The researchers simulated how the material would behave in an actual-sized building in cities with cold winters such as New York, Beijing, and Calgary, Alberta, showing it improved energy savings by 2.9% compared to existing alternatives. With over 4 billion sq ft of new windows installed annually in the U.S. alone, the savings can add up.

Abhijit Biswas, a research scientist at Rice University, is the first author on a study published in Advanced Materials detailing a boron nitride-based coating. Courtesy of Rice University/Jorge Vidal.
Abhijit Biswas, a research scientist at Rice University, is the first author on a study published in Advanced Materials detailing a boron nitride-based coating. Courtesy of Rice University/Jorge Vidal.
According to the researchers, the coating’s durability allows it to be placed on the exterior-facing side of the glass — a major advantage over conventional low-emissivity coatings. Emissivity describes a material’s ability to radiate heat as thermal energy; lower values mean less heat escapes through the glass. Traditional low-emissivity coatings are prone to degradation from environmental factors like humidity and temperature fluctuations, which requires them to be placed on windows’ interior-facing side.

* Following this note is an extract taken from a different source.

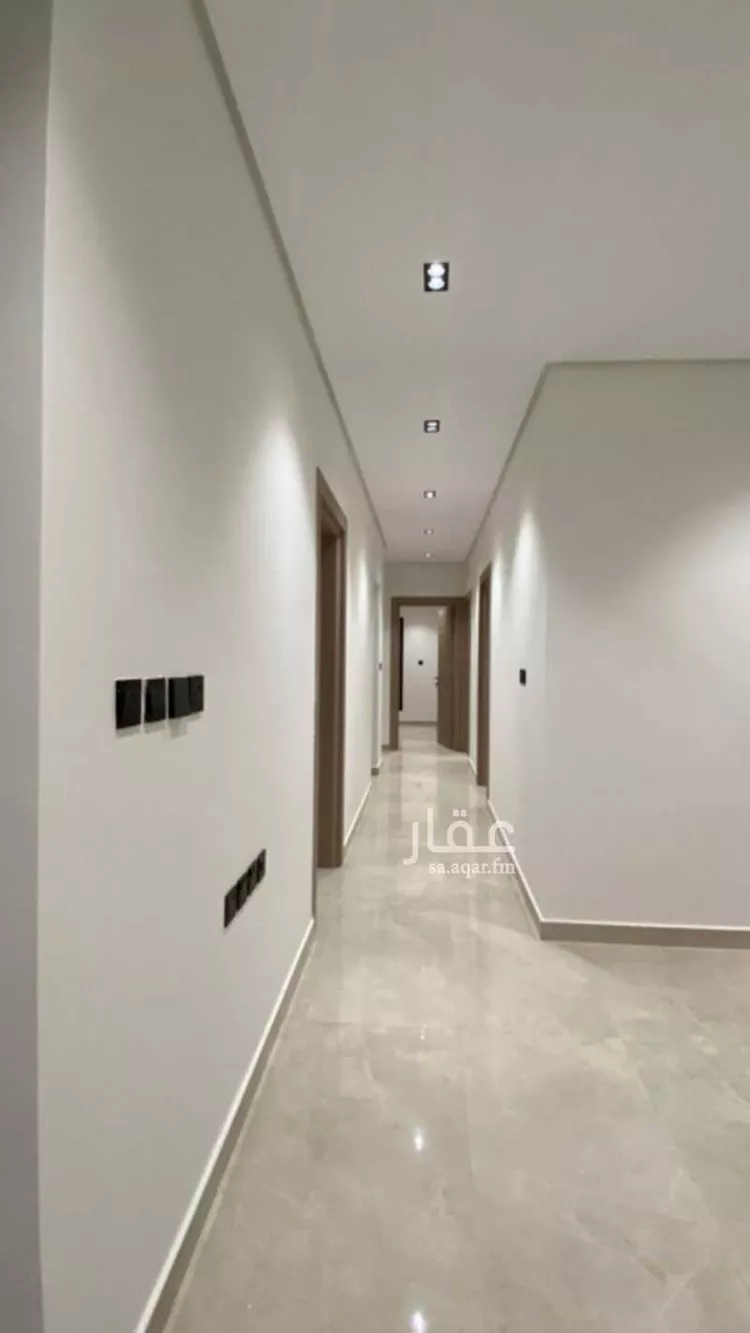 شقة للبيع في شارع شارع عر 18, حي الواحة, مدينة الدمام, المنطقة الشرقية 1 صورة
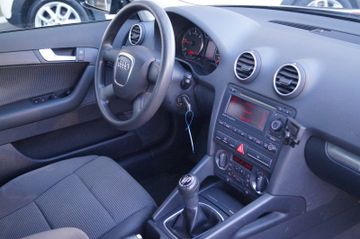 Audi A3 Sportback TDI Attraction NAVI-KLIMA-TEMPOMAT-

“Although pure boron nitride shows almost similar emissivity to glass, when you add a little amount of carbon into it, the emissivity lowers significantly — and this changes the game altogether,” said Pulickel Ajayan, Rice’s Benjamin M. and Mary Greenwood Anderson Professor of Engineering and professor of materials science and nanoengineering.

To create the coating, the team used pulsed laser deposition, a technique in which short, high-energy laser bursts strike a solid boron nitride target, sparking plasma plumes that disperse into vapor then settle onto a substrate — in this case, glass. Because the process takes place at room temperature, it avoids the high heat typically required for making adhesive coatings.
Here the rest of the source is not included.